The data
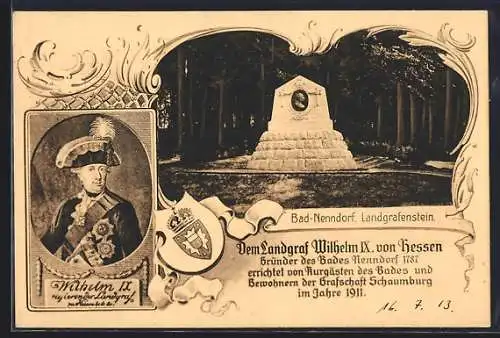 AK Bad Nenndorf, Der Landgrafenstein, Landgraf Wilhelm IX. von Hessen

* * *

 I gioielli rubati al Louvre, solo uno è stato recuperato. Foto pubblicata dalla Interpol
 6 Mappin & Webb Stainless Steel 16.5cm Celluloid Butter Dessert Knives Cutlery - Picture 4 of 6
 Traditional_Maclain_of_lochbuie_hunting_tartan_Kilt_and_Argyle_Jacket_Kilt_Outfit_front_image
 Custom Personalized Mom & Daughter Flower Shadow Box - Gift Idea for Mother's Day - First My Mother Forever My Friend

Prompt
Please give an exact copy of the lines above, beginning with the line containing "6 Mappin & Webb" and running through the line containing "Custom Personalized Mom", and of no other lines.

Written response
 6 Mappin & Webb Stainless Steel 16.5cm Celluloid Butter Dessert Knives Cutlery - Picture 4 of 6
 Traditional_Maclain_of_lochbuie_hunting_tartan_Kilt_and_Argyle_Jacket_Kilt_Outfit_front_image
 Custom Personalized Mom & Daughter Flower Shadow Box - Gift Idea for Mother's Day - First My Mother Forever My Friend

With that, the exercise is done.